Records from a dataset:
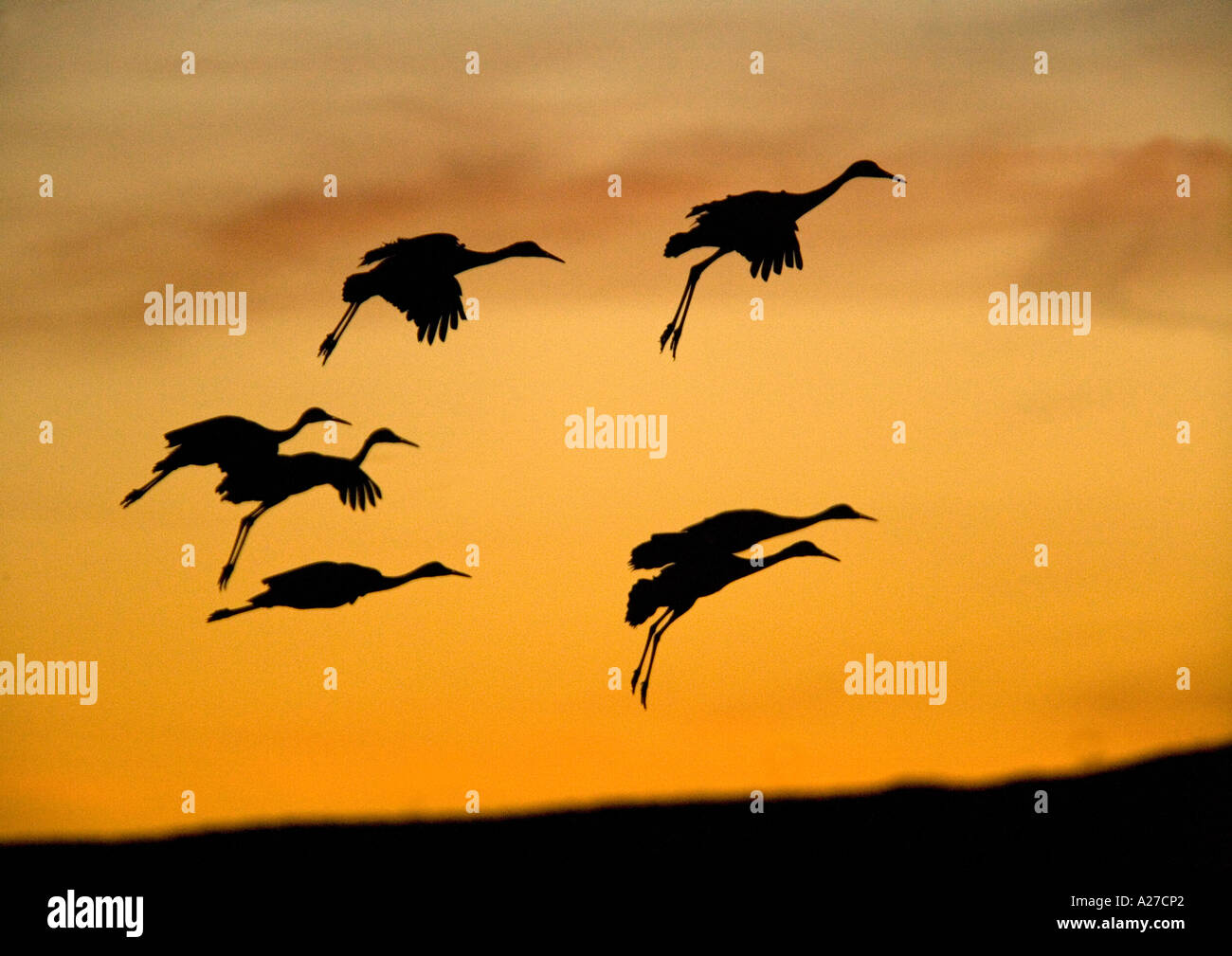 Plus de grues du Canada (Grus canadensis) en vol pour l'hiver roost, coucher de soleil Banque D'Images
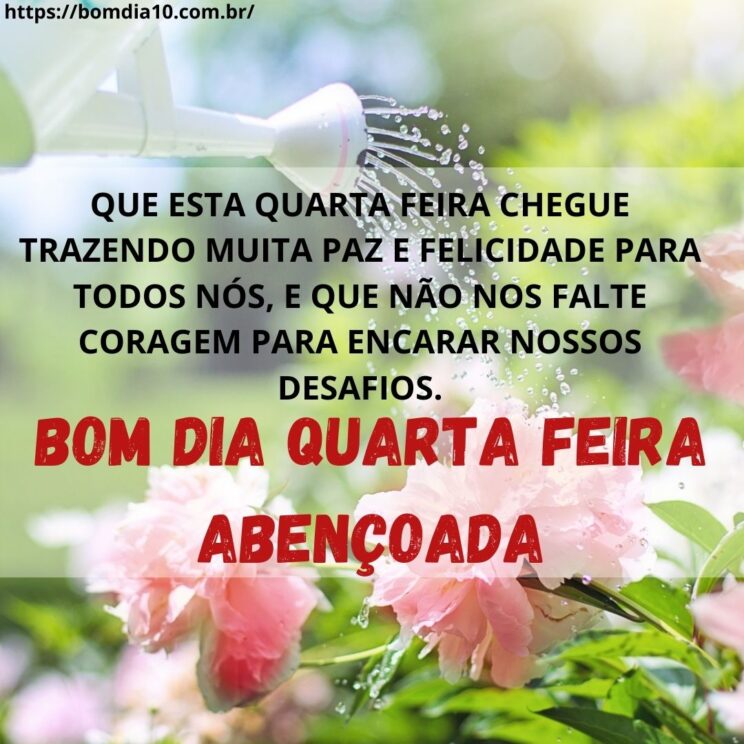 Bom Dia Quarta Feira Aben Oada Mensagens De Bom Dia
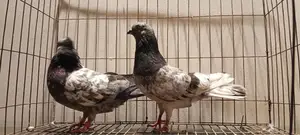 Pigeon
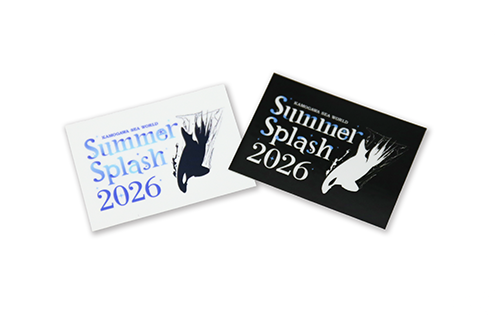 Summer Splash ステッカー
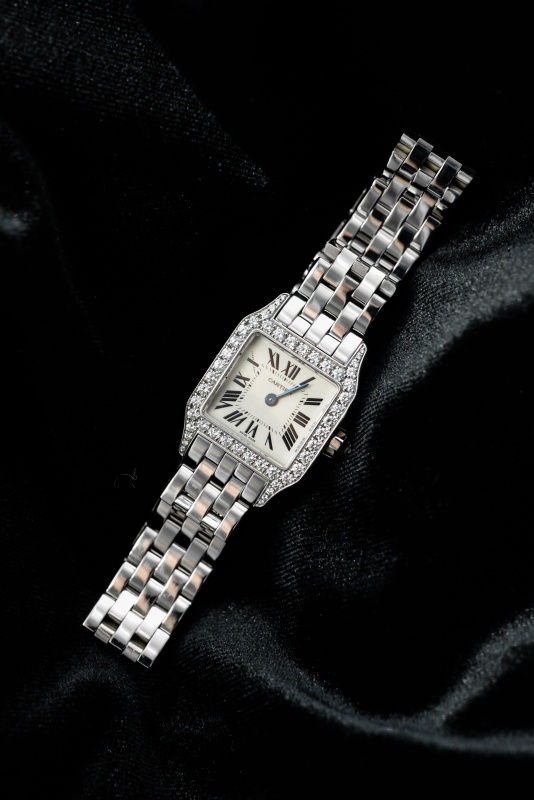Cartier Santos Demoiselle WF9003Y8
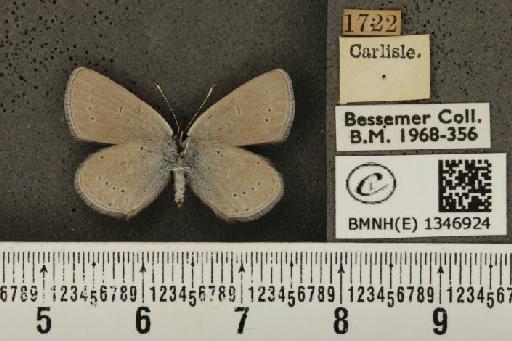 Cupido minimus ab. obsoleta Tutt, 1896 - BMNHE_1346924_150621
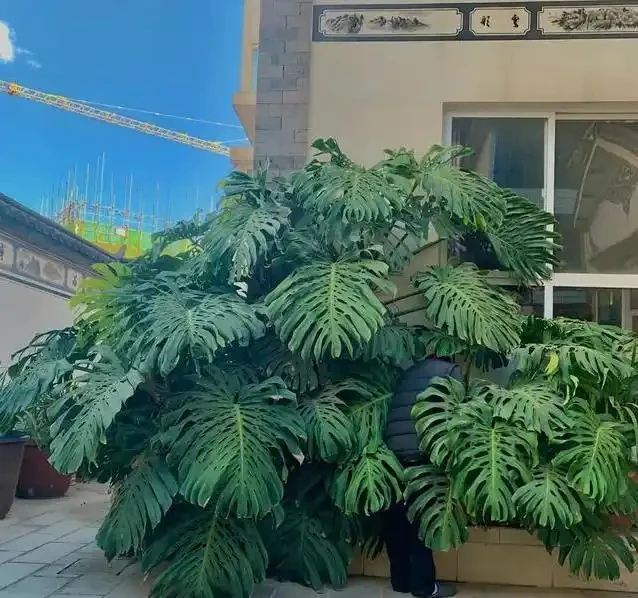 養了五年醜龜背芋,照老花農秘籍狠曬,三個月葉子大到驚人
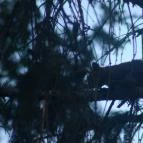 Hársfa Nyaraló Alsóörs - Környék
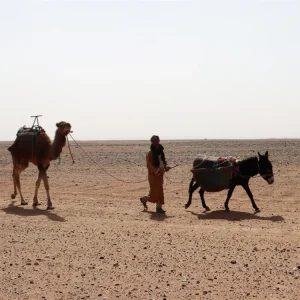 laeti-event-sejour-mars-désert-unique-bivouac-femme-atypique-jour-4-dromadaire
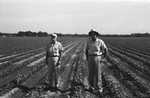 Men in field 2 [Slide Farm-9] by Howard Langfitt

#### Your assignment
Although the records above contain pictures, only their text is to be repeated, exactly as given.

#### Answer section
 Plus de grues du Canada (Grus canadensis) en vol pour l'hiver roost, coucher de soleil Banque D'Images
 Bom Dia Quarta Feira Aben Oada Mensagens De Bom Dia
 Pigeon
 Summer Splash ステッカー
Cartier Santos Demoiselle WF9003Y8
 Cupido minimus ab. obsoleta Tutt, 1896 - BMNHE_1346924_150621
 養了五年醜龜背芋,照老花農秘籍狠曬,三個月葉子大到驚人
 Hársfa Nyaraló Alsóörs - Környék
 laeti-event-sejour-mars-désert-unique-bivouac-femme-atypique-jour-4-dromadaire
 Men in field 2 [Slide Farm-9] by Howard Langfitt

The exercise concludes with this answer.